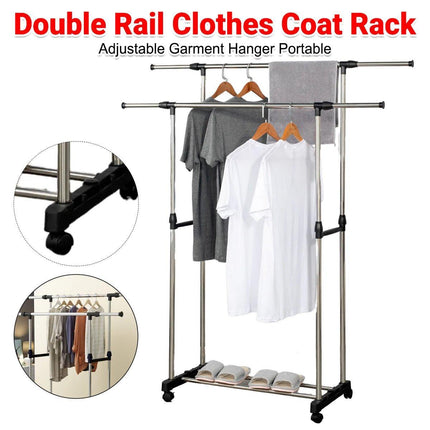 Adjustable Double Clothes Rack Stainless Steel Garment Holder Coat Hanger Stand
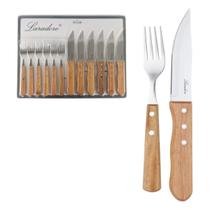 Talheres de Churrasco Faca Jumbo - Inox e Madeira (12 Peças)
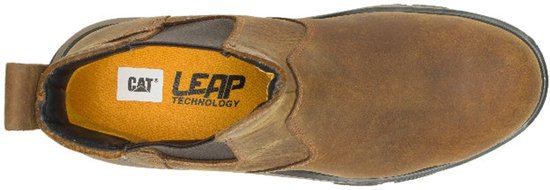 Bovenkant van een bruine leren Chelsea werklaars met CAT logo en 'LEAP TECHNOLOGY' op de binnenzool.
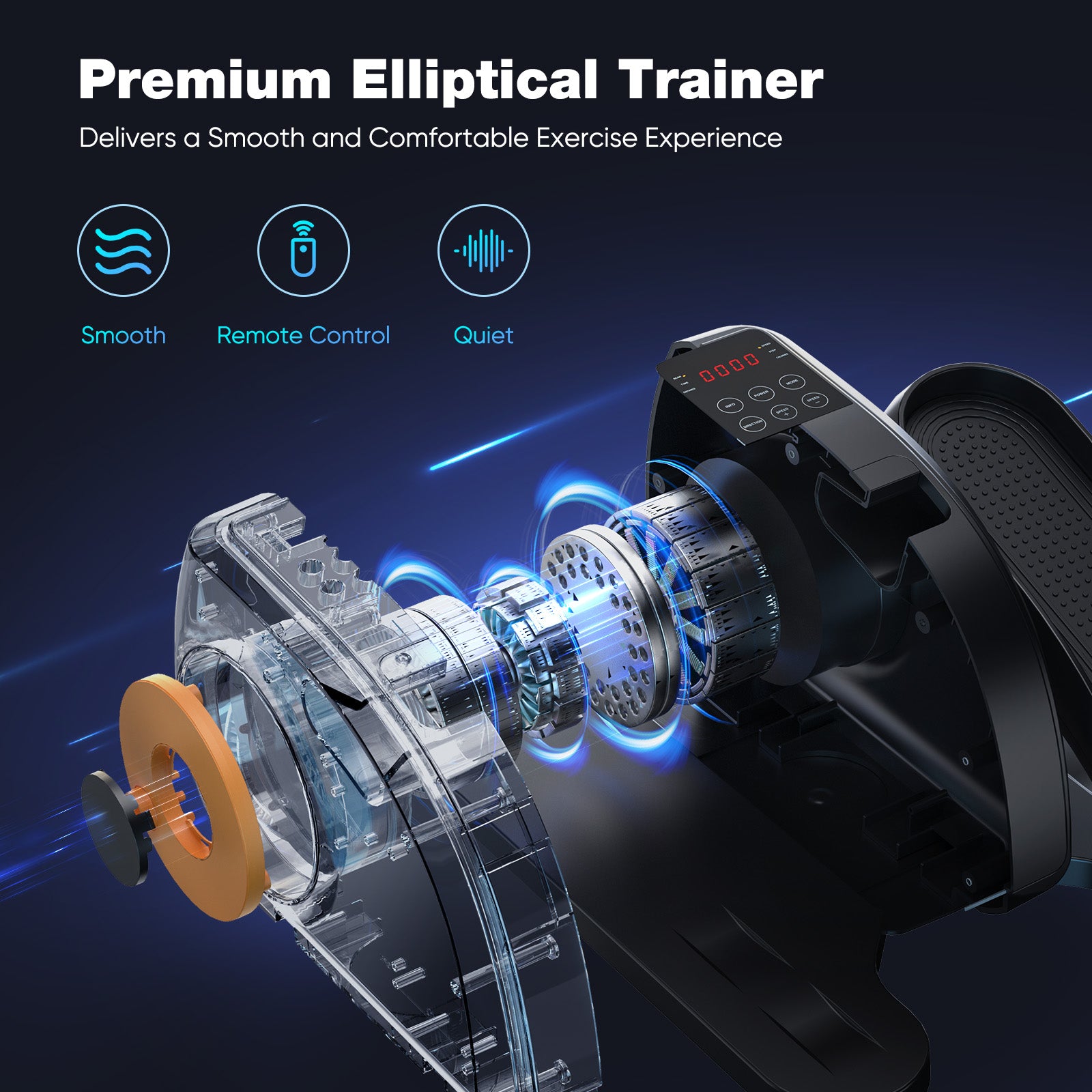 Under Desk Elliptical Machine Compact & Quiet Mini Pedal Exerciser With Adjustable Speed, Led Display, Portable Fitness Solution For Home Or Office Workouts Black Abs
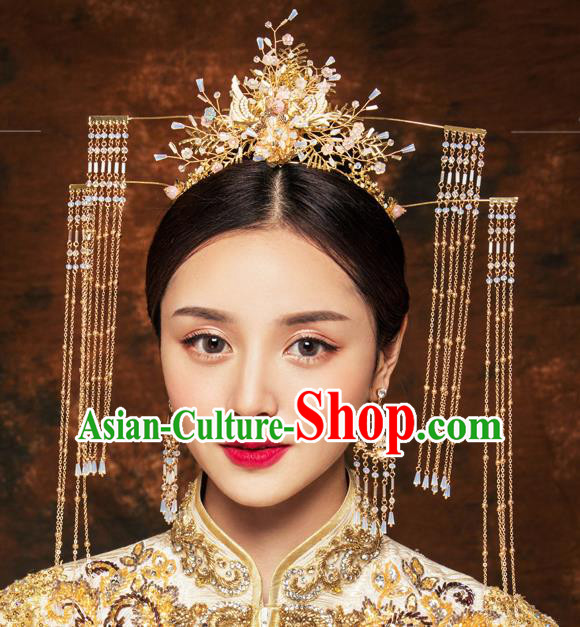 Traditional Chinese Wedding Luxury Crane Phoenix Coronet Hairpins Handmade Ancient Bride Hair Accessories for Women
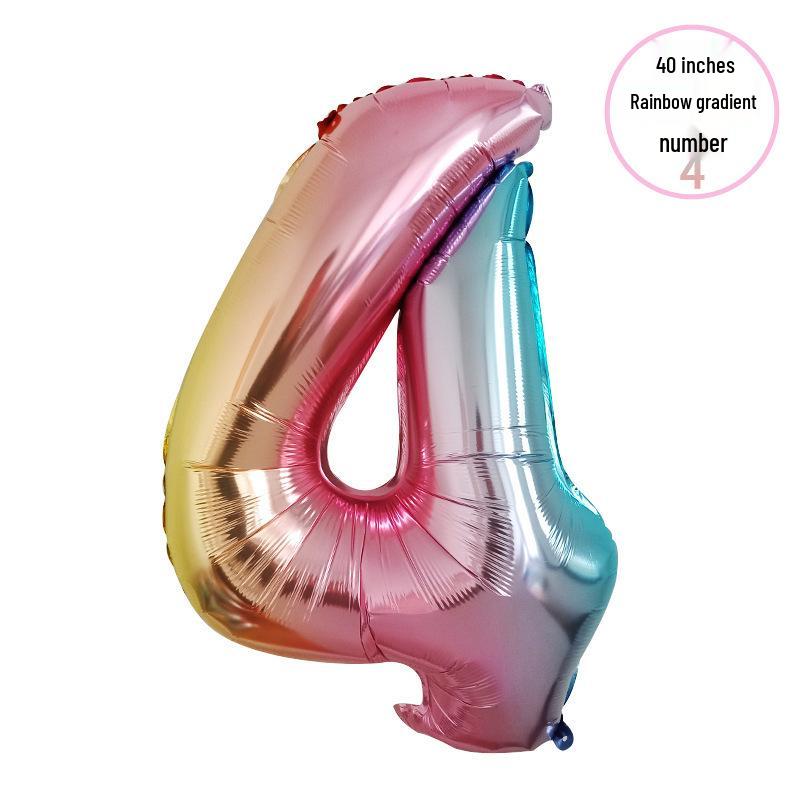 40" Rainbow Gradient Aluminum Foil Number Balloon Birthday Decoration Ornaments for Kids, Helium-Compatible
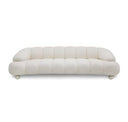 Duran - Contemporary White Fabric Loveseat Sofa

[WHAT THIS TASK INVOLVES]: Verbatim, write out the line containing "for Kids, Helium-Compatible" and all later lines through the end of the records, leaving every picture out.

[SOLUTION FOR THIS EXERCISE]:
 40" Rainbow Gradient Aluminum Foil Number Balloon Birthday Decoration Ornaments for Kids, Helium-Compatible
 Duran - Contemporary White Fabric Loveseat Sofa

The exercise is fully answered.